Monday, February 12, 2024, 14:00 – 15:00, 201

Abstract:

The talk will be aimed at an audience which is not necessarily familiar with the concepts below, and I’ll aim to explain them at the expense of providing proofs. The Elliott classification program for simple nuclear C-algebras reached an important milestone in the past decade. This program aims to classify simple separable nuclear C-algebras in terms of the Elliott invariant, consisting of the K-theory groups and tracial data. It is now established that such C-algebras can be classified provided they are Z-stable (a key regularlity condition) and satisfy the Rosenberg-Schochet Universal Coefficient Theorem (where it is a major open problem to determine whether this theorem holds for all simple nuclear separable C-algebras). The classification theorem was shown not to extend beyond the Z-stable case.
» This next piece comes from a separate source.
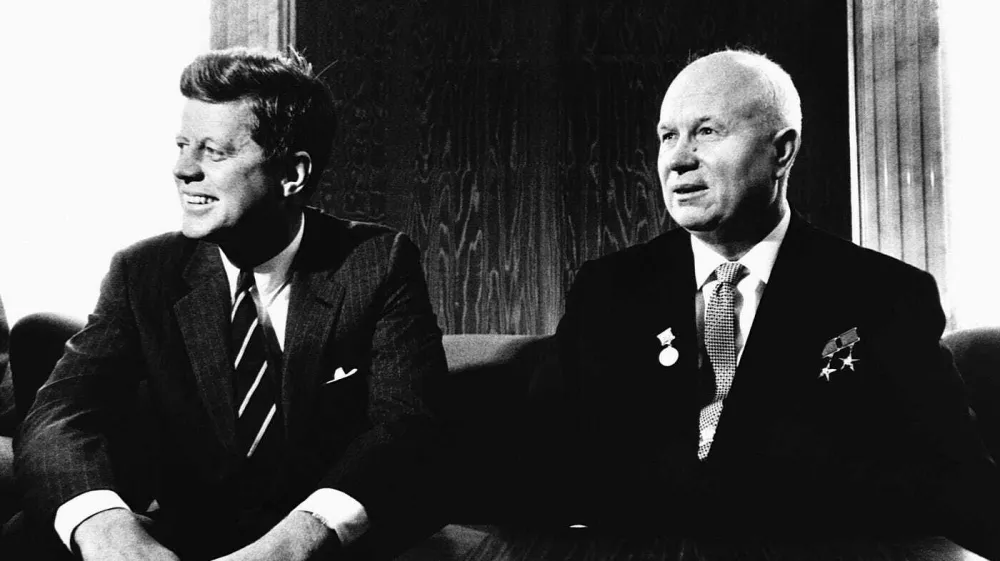 Kennedy Hru&scaron;čov / Foto: John Fitzgerald Kennedy Library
Specifically, Toms constructed examples of simple separable nuclear unital C*-algebras with the same Elliott invariant, but which can be distinguished by another invariant he called the radius of comparison, which measures to what extent positive elements fail to be compared via tracial data. While there were good reasons to think that simply adding the radius of comparison to the invariant would not be sufficient to extend the classification theorem further, intriguingly, recently, Elliott, Li and Niu proved a classification theorem for so-called Villadsen-type algebras using the combination of the Elliott invariant and the radius of comparison, an invariant which was introduced by Toms in order to distinguish between certain non-isomorphic AH algebras with the same Elliott invariant. This might have raised the prospect that the Elliott classification program can be extended beyond the Z-stable case by adding the radius of comparison to the invariant. I will discuss a recent preprint in which we show that this is not the case: we construct an uncountable family of non-isomorphic AH algebras with the same Elliott and same radius of comparison. We can distinguish between them using a finer invariant, which we call the local radius of comparison. This is joint work with N. Christopher Phillips.